When you buy equity (or stock), you are taking ownership of a small part of a particular company. If that company increases in value, the value of your equity also increases. Equity is bought and sold in the form of shares.
Share trading example
ABC Limited is a privately owned company that is currently worth £10,000,000. The owners want to raise some money so that they can expand the business overseas.
To do this, they sell a portion of the business by issuing stock at £2 per share. This means ABC becomes publically listed (so is called ABC plc). You decide it looks like shrewd investment so you buy £10,000 worth of stock. At £2 per share that gives you 5000 shares, or a 0.1% stake in the company.
Your investment turns out to be a good one. By the time ABC releases its first annual earnings report, its share price has risen to £3 and your investment has grown to a value of £15,000. You can now either sell your shares, or hold onto them in the hope of future profits.

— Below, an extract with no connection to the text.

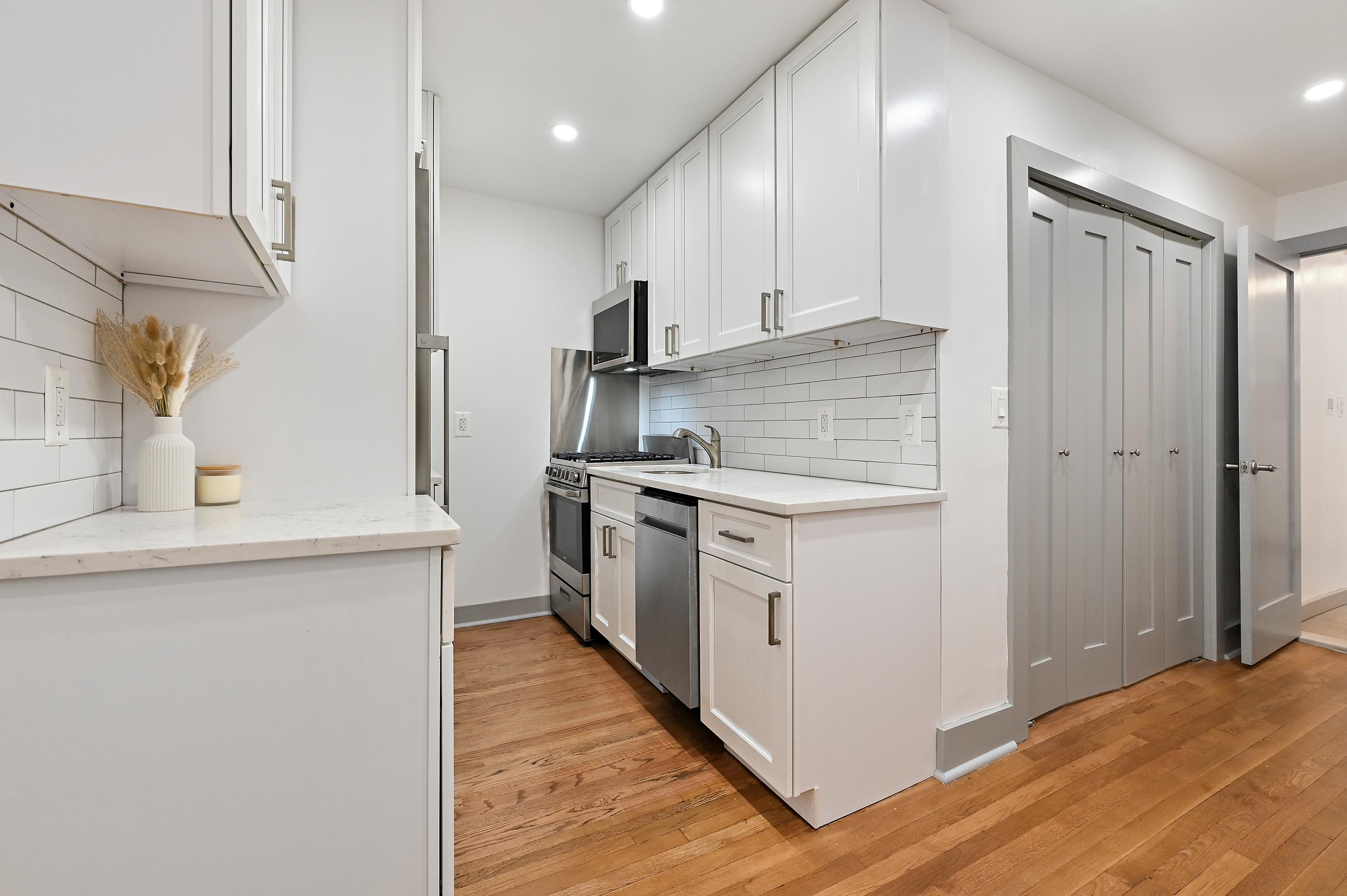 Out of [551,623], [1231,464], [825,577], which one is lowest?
[551,623]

However, share prices can go down as well as up and if ABC plc had gone down in value you could have lost money. For that reason, it is incredibly important to research both the company you are thinking of investing in and their wider industry before you buy any shares.
What are dividends?
Dividends are the share of a company’s profits that get paid out to shareholders. Using dividends, you can make money from shares without having to buy and then sell them for profit.
Dividends are usually paid by a business out twice a year. How much you get is dependent on how much profit the business makes, how much they have agreed to distribute to shareholders, and how many shares you own.